# RL circuit – detailed mathematical analysis

In this tutorial we are going to perform a very detailed mathematical analysis of a RL circuit. By the end of the article the reader will be able to understand how the current response of an RL circuit is calculated and how the principle of superposition is applied in practice.

An RL circuit is quite common in any electric machine. The winding of an electric machine (motor or generator) is represented as a RL circuit. Having a deep knowledge of the mathematical apparatus of a RL circuit will help with the understanding of the phenomena happening in the winding (coils) of an electric machine.

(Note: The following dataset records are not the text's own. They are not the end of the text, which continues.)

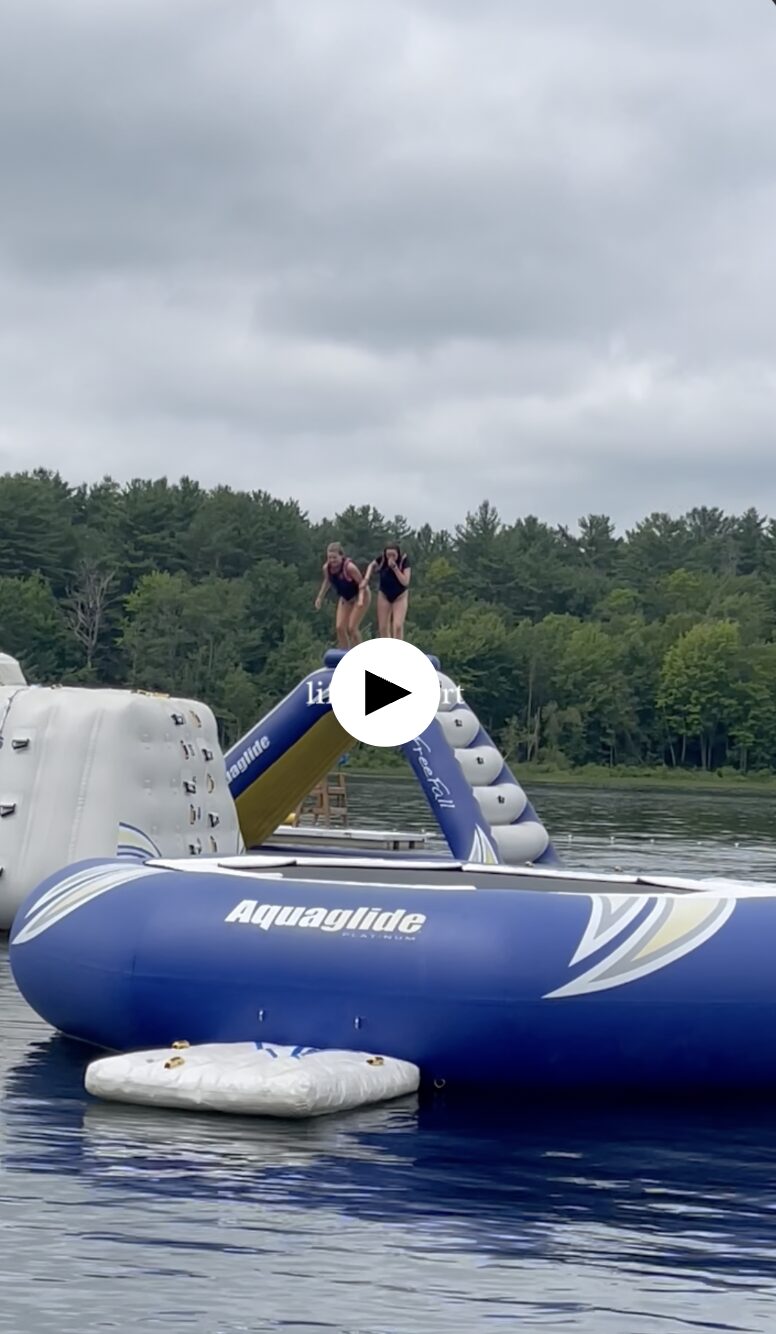 Camp Connect USA - Children on outdoor water adventure park.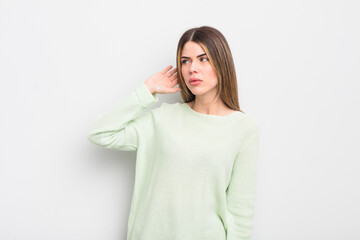 pretty young woman looking serious and curious, listening, trying to hear a secret conversation or...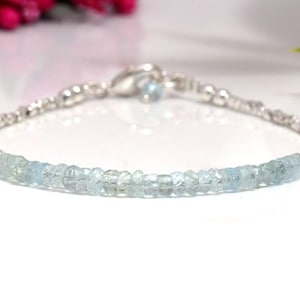 Op de afbeelding: Een delicate zilveren armband met een rij lichtblauwe aquamarijn kralen.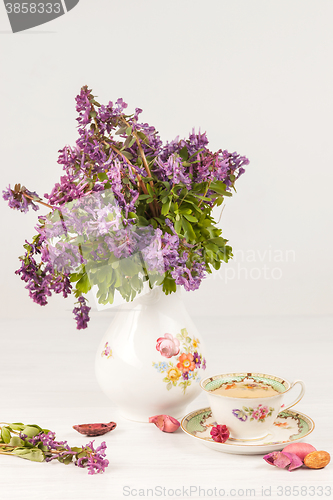 Image of Tea with  lemon and bouquet of  lilac primroses on the table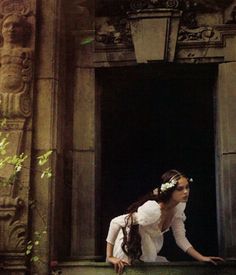 a woman in white dress sitting on the ledge of an old building with her hands behind her head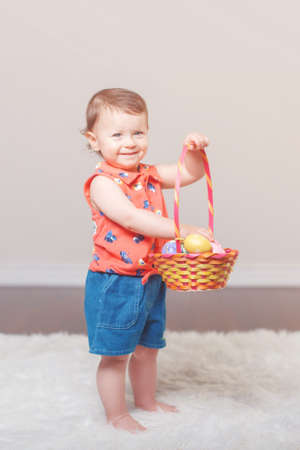 Cute adorable Caucasian baby girl in red shirt and jeans standing on white soft fluffy rug carpet in studio. Kid child playing with Easter colorful eggs celebrating traditional holy Christian holiday.の写真素材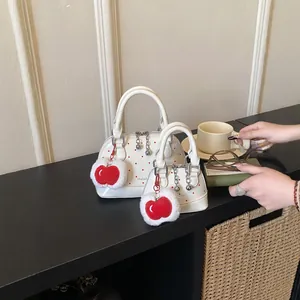Elegant white polka dot handbag with red apple plush charm and silver chain accents
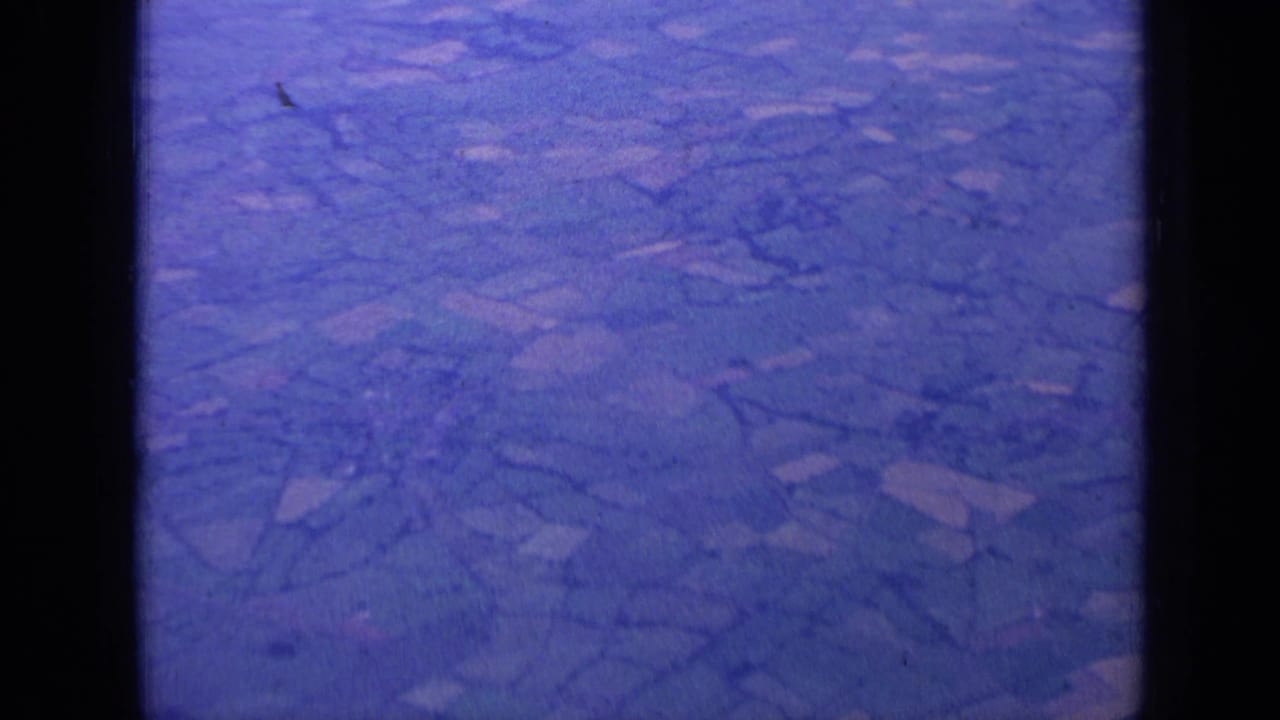 Aerial farmland pattern with hedgerows, soft focus, and dark vertical window borders.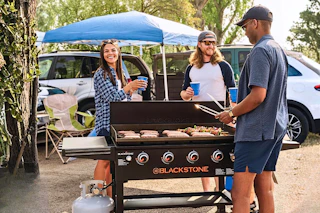 Lifestyle image of the Blackstone outdoor griddle being used by a group of people at an outdoor event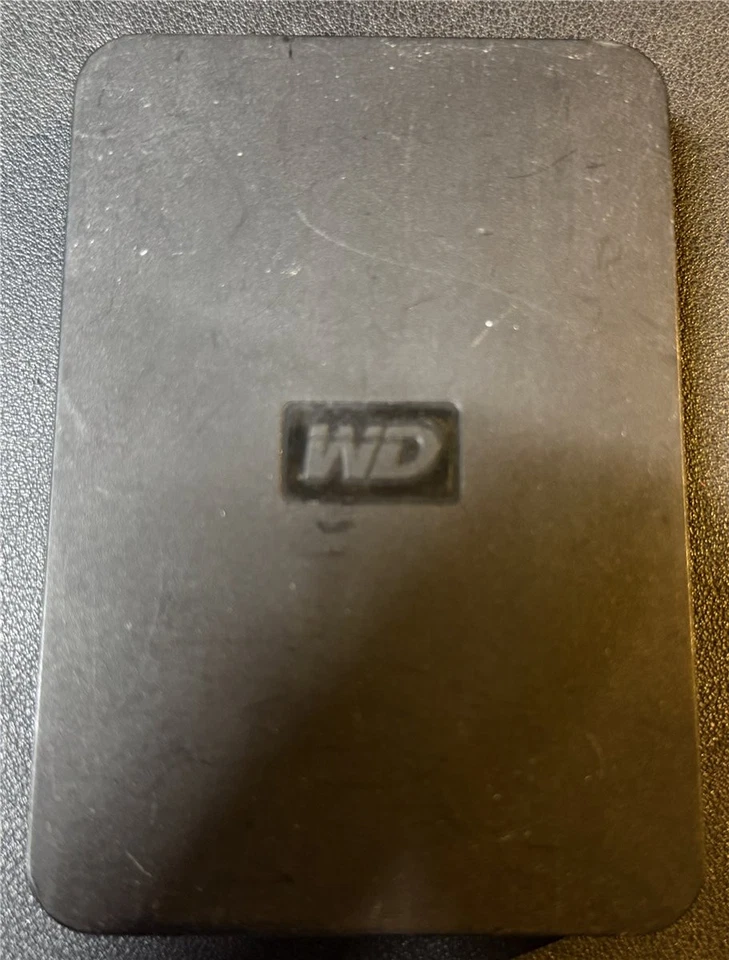 WD, 1 TB extern, P/N: WDBABBV0010BBK-00, S/N: Wx61A8030894, SATA HDD - Bild 1 von 3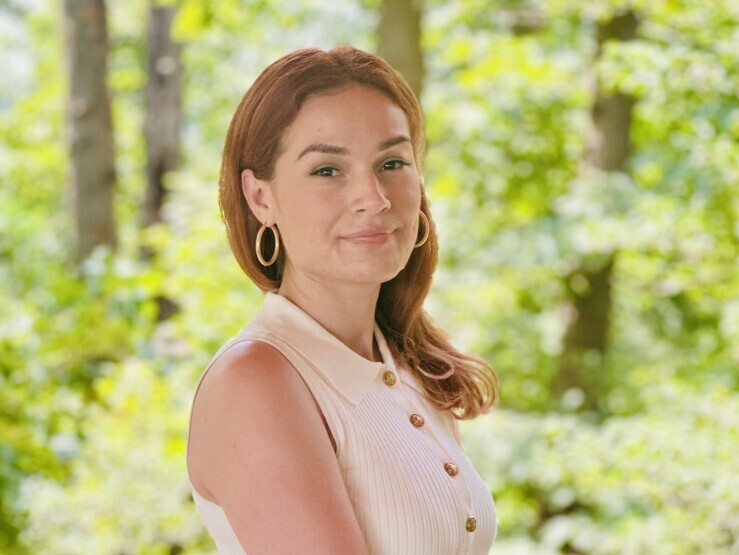 A woman in business casual clothing poses outside, her arm resting on a wooden railing.
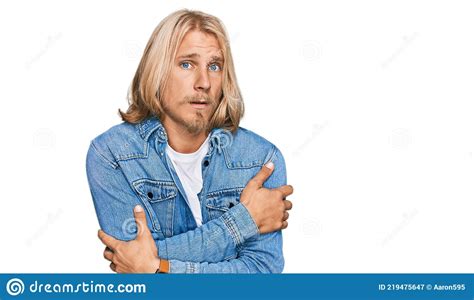 Caucasian Man With Blond Long Hair Wearing Casual Denim Jacket Shaking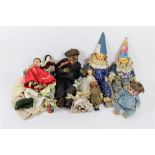 A group of miscellaneous antique and later dolls, to include a cloth fisherman doll,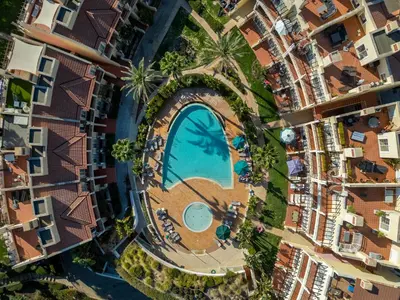 an overhead view of a swimming pool in a city at 5 star Luxury Palmview apartment with large terrace and communal pool in Quarteira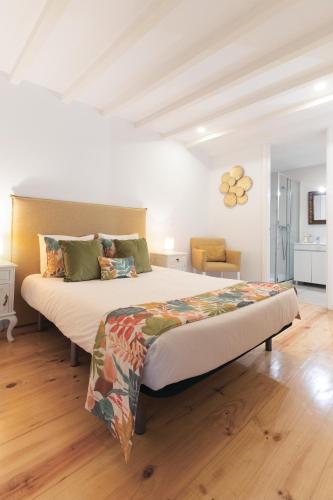 a bedroom with a large bed in a room at Douro by your side with Pool in Vila Nova de Gaia
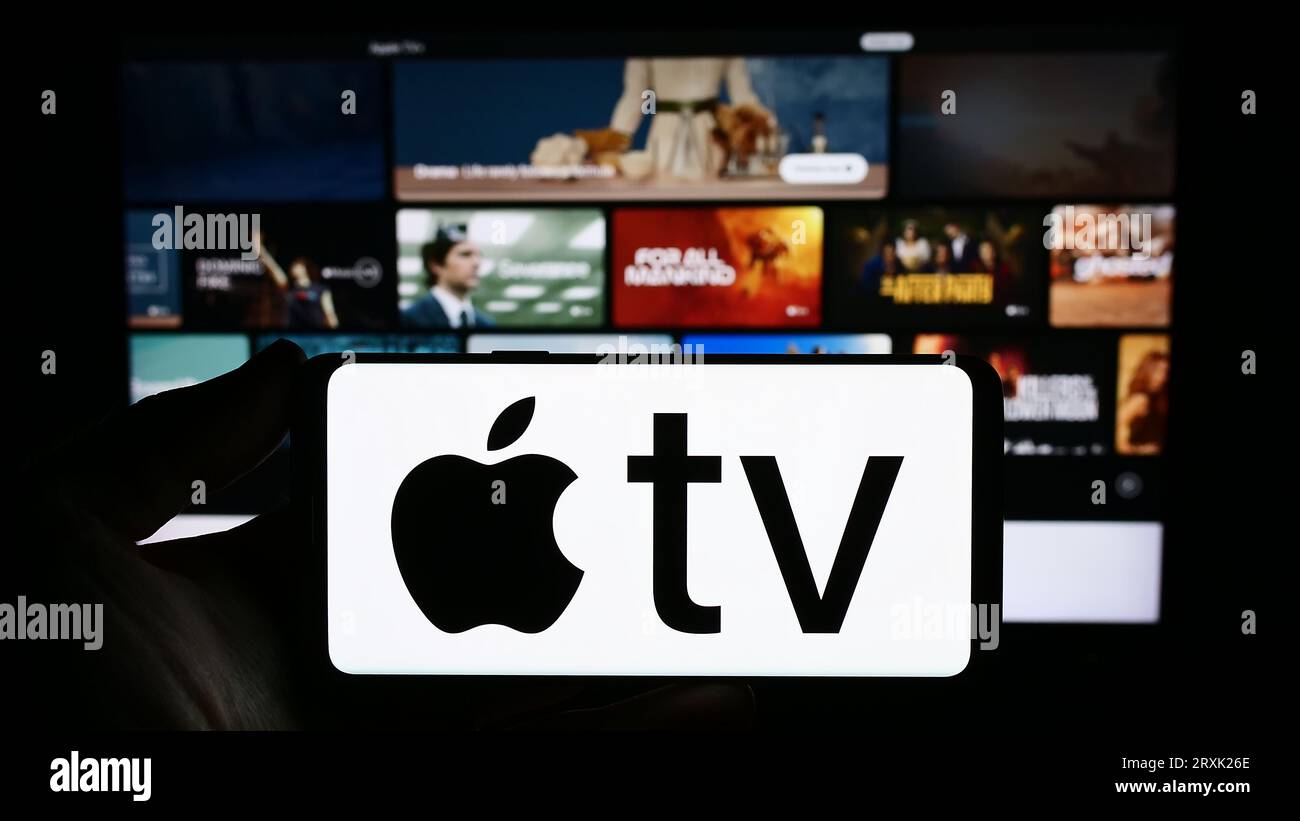 Persona che possiede uno smartphone con il logo del servizio di streaming video Apple TV Plus sullo schermo davanti al sito Web. Concentrarsi sul display del telefono. Foto Stock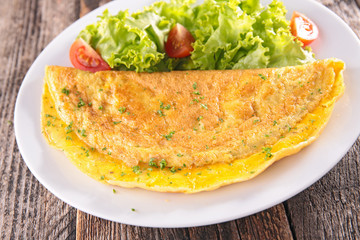 omelet and salad in plate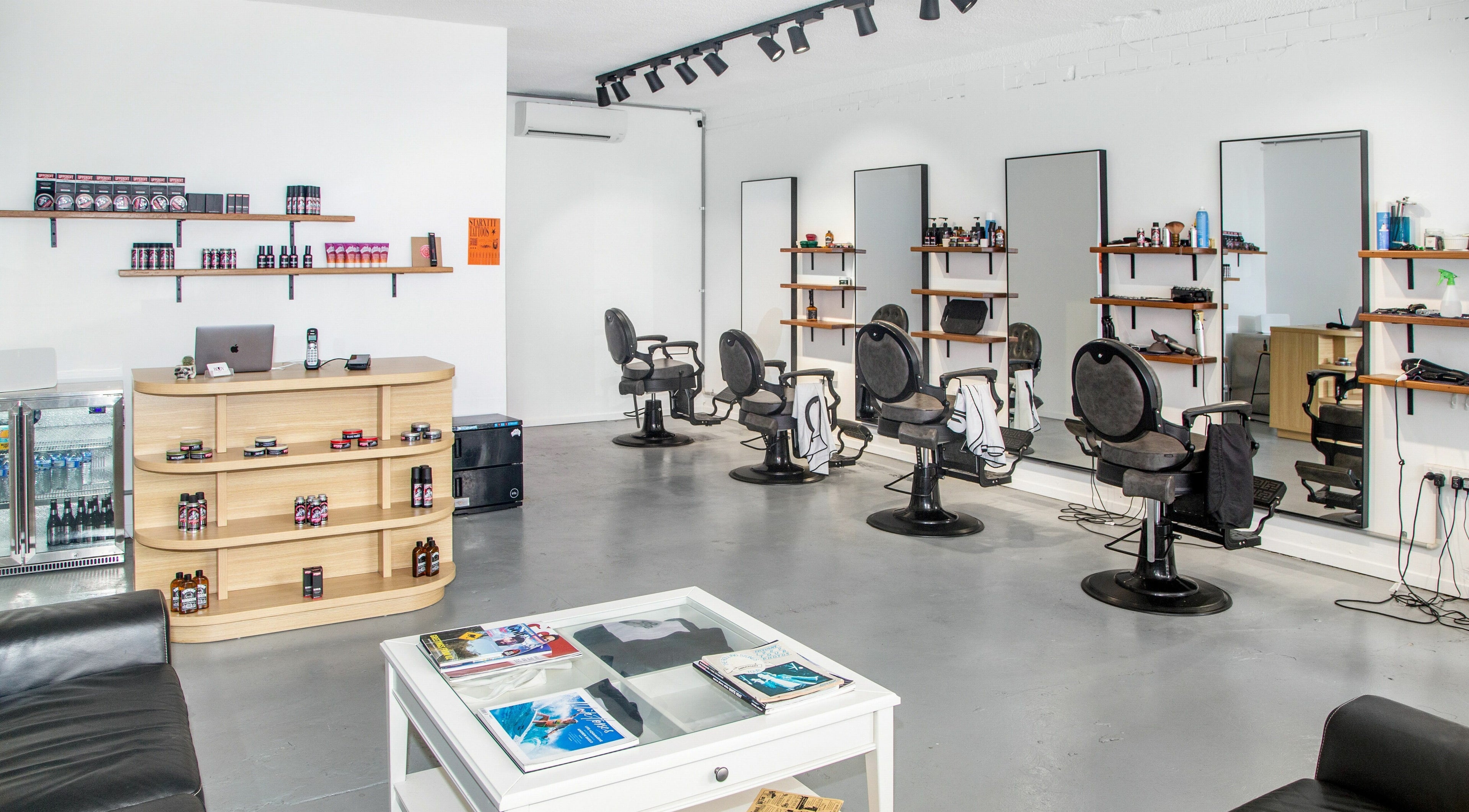 Interior of Boy Barbershop - Coolangatta, QLD, AU, featuring stylish chairs and grooming products.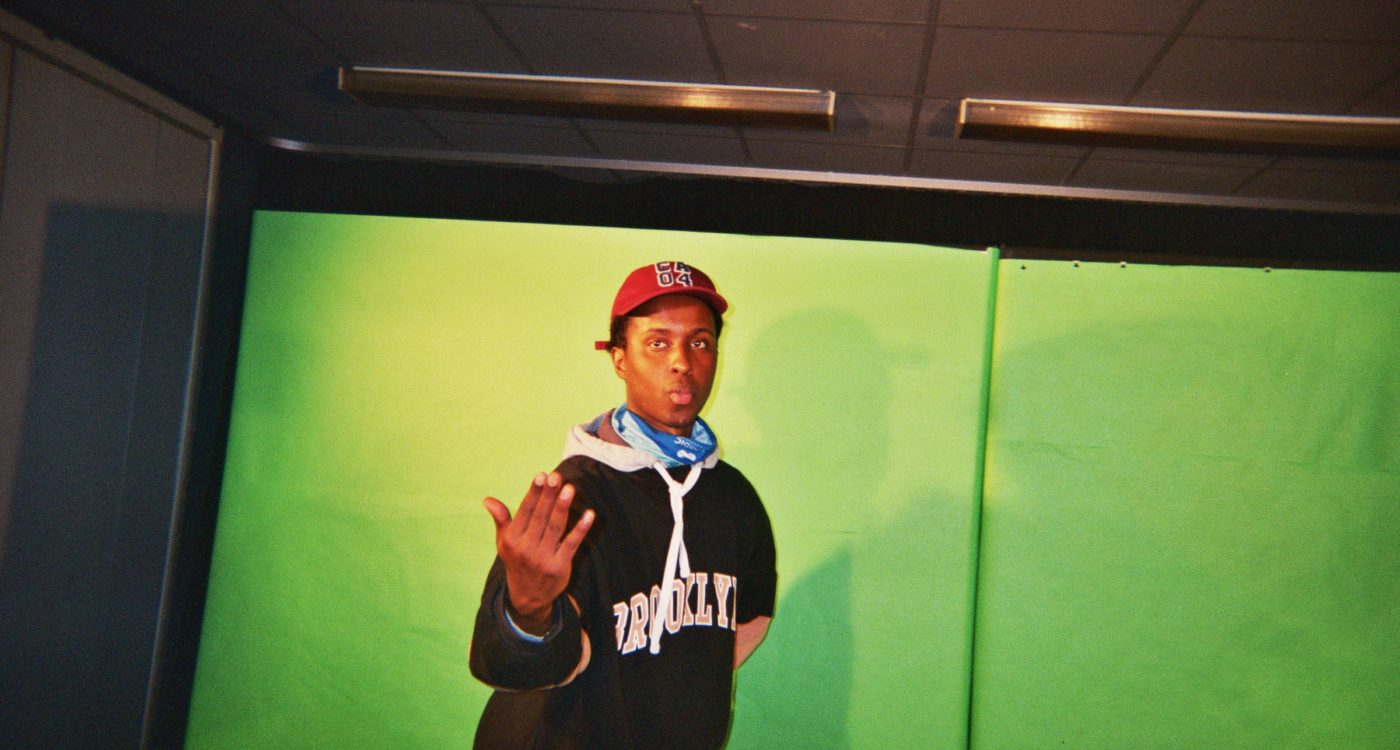 Fred's photograph (for the 21st Century Kids) of his friends, Moe, posing in front of a green screen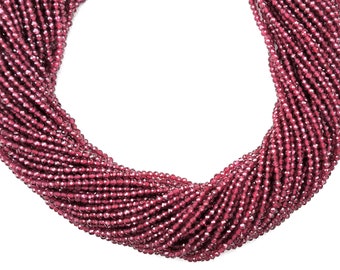 May include: A strand of deep red garnet beads, faceted and strung together. The beads are small and uniform in size, creating a smooth and elegant look.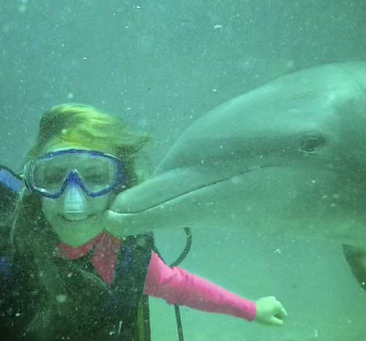 Alex petite luxury escort kissing dolphin scuba diving Park City Utah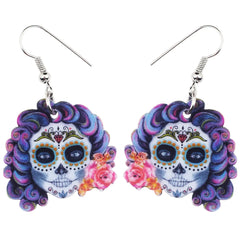 Colorful sugar skull earrings with floral details on a white background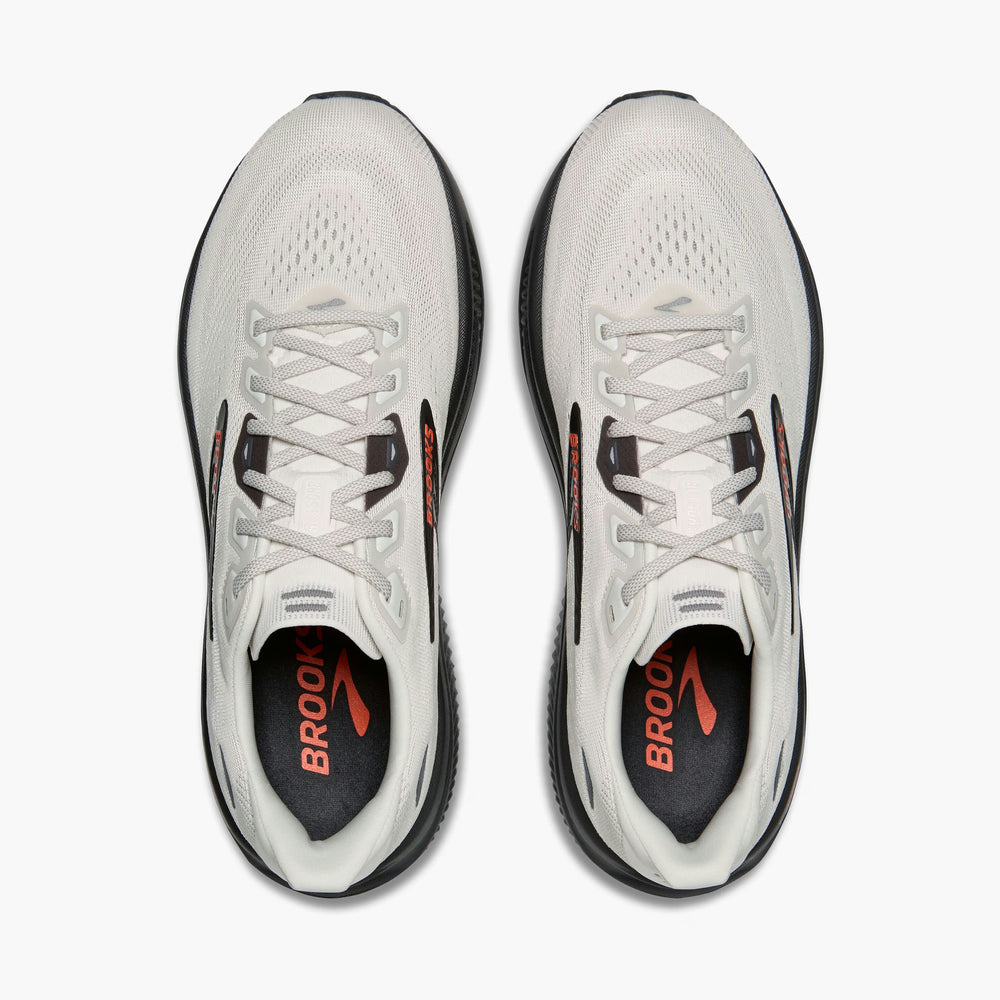 A pair of Brooks Men's Ghost 18 running shoes shown from a top-down view on a light gray background. The shoes are primarily white with black midsoles and heel accents, and feature orange branding on the tongue and heel insert.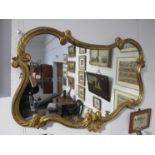 A gilt ornate overmantel mirror,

Let’s consider the following circuit where a continuous voltage source is connected in series with a switch, resistor and inductor. The switch has the role of opening and closing the electric circuit. When the switch is open, the voltage source is disconnected from the rest of the circuit.

Image: Series RL circuit schematic

where:

E [V] – continuous voltage source
S – switch
R [Ω] – resistance
L [H] – inductance
u [V] – voltage drop across the circuit
uR [V] – voltage drop across the resistor
uL [V] – voltage drop across the inductor
i [A] – electrical current through the circuit

We are going to do a couple of assumptions about our series RL circuit:

• both electrical components (resistor and inductor) are linear
• there is no voltage drop across the switch S
• the resistance R and inductance L have constant values
• the internal resistance of the voltage source is zero

From the Systems Modeling tutorials we can identify that our circuit has three elements:

The voltage drop on the resistor and inductor can be written as:

$\begin{split} u_R & = Ri\\ u_L & = L \frac{di}{dt} \end{split}$

If we consider out RL circuit as a system with input and output, we’ll consider that the input is the voltage drop u(t) across the circuit and the output is the current i(t) through the circuit. Both quantities are variable in time.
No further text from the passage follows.